* TASK PROMPT
Quote, word for word, the line containing "esta perrita está" and all lines that follow it to the end of the records, with no pictures.

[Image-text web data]

----------------

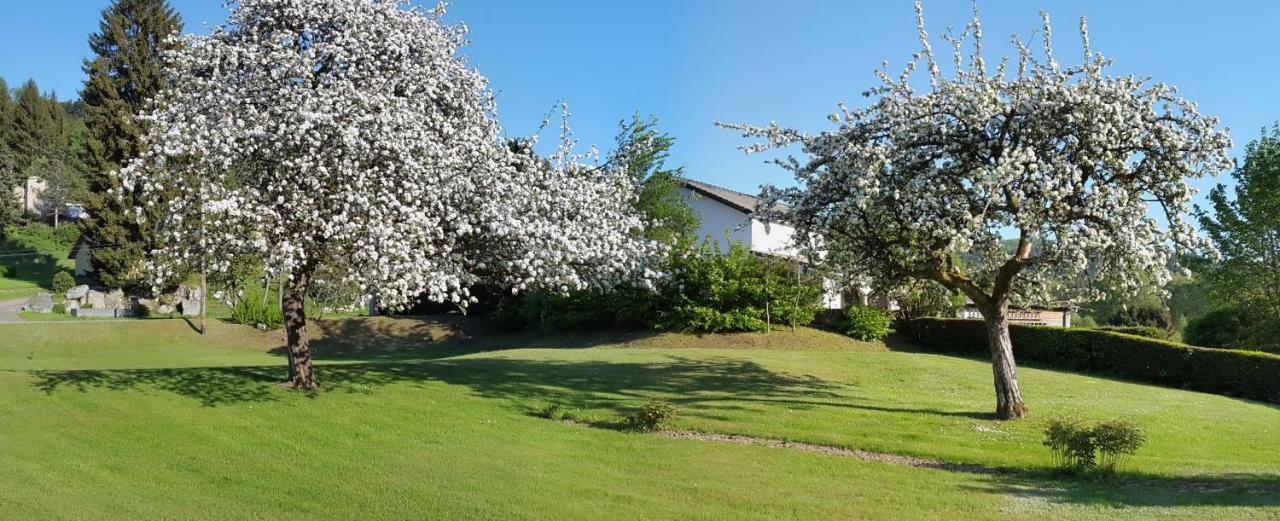 Les Jumeaux Apartman Granges-sur-Vologne Kültér fotó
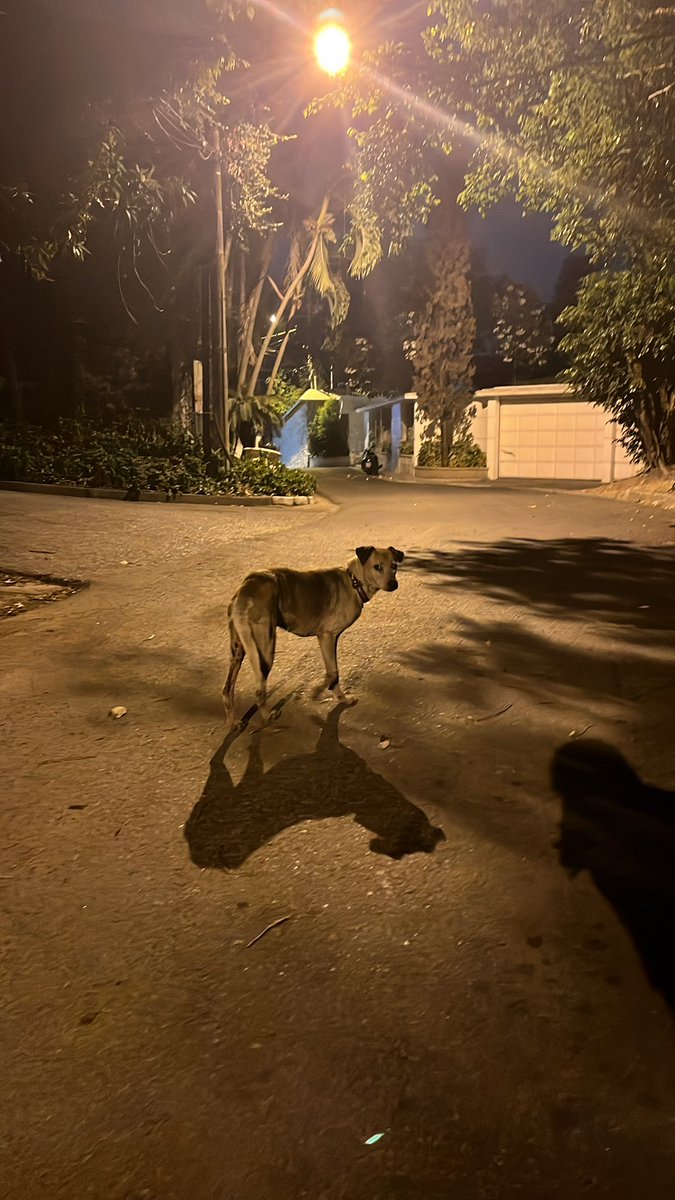 esta perrita está perdida. se encuentra en la urb. cimas del bim bam bum, en la av. del bombero. tiene collar, pero no tiene una medalla con datos. 

por favor RT para encontrar a su dueño

<a href="/RescateAnimalEC/">La Revolución Animal</a>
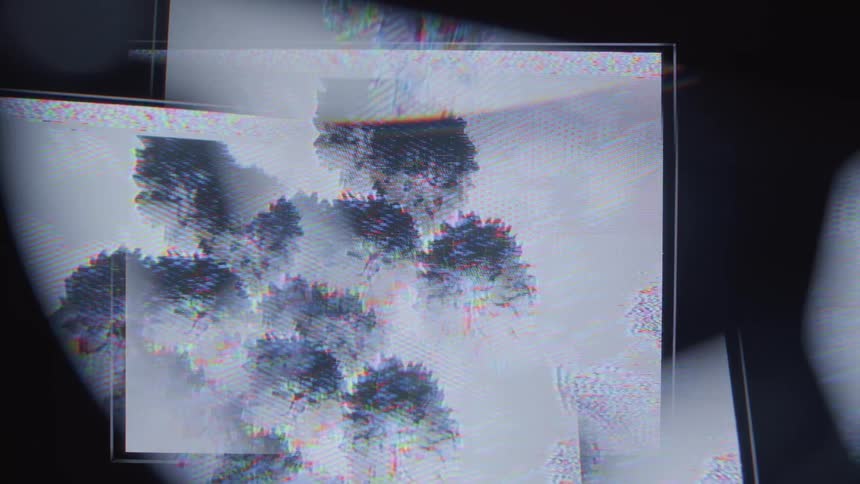 Graphic drawings of flowers in black and white on monitor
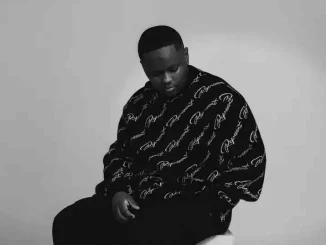 Stanky DeeJay – Pianocast Mix 41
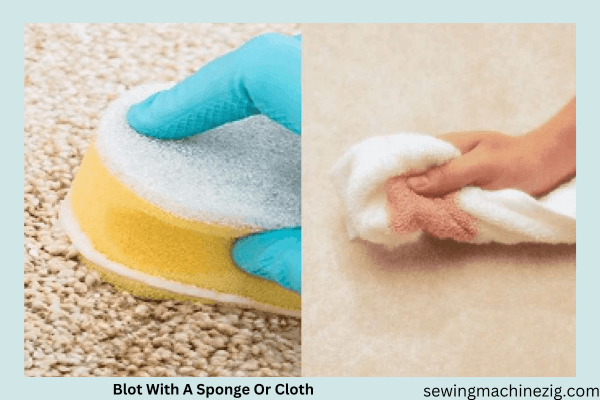 Blot With A Sponge Or Cloth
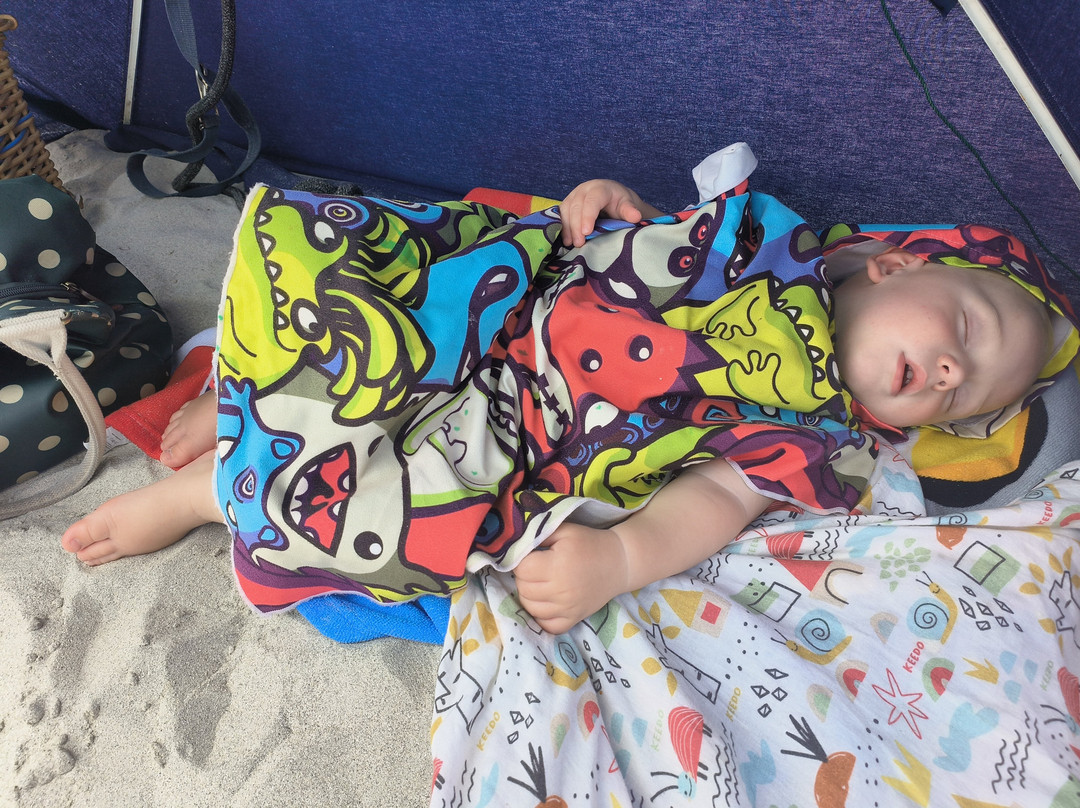 Honingklip Equestrian-Botrivier必去景点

----------------

* COMPLETED TASK
 esta perrita está perdida. se encuentra en la urb. cimas del bim bam bum, en la av. del bombero. tiene collar, pero no tiene una medalla con datos. 

por favor RT para encontrar a su dueño

<a href="/RescateAnimalEC/">La Revolución Animal</a>
 Graphic drawings of flowers in black and white on monitor
 Stanky DeeJay – Pianocast Mix 41
 Blot With A Sponge Or Cloth
 Honingklip Equestrian-Botrivier必去景点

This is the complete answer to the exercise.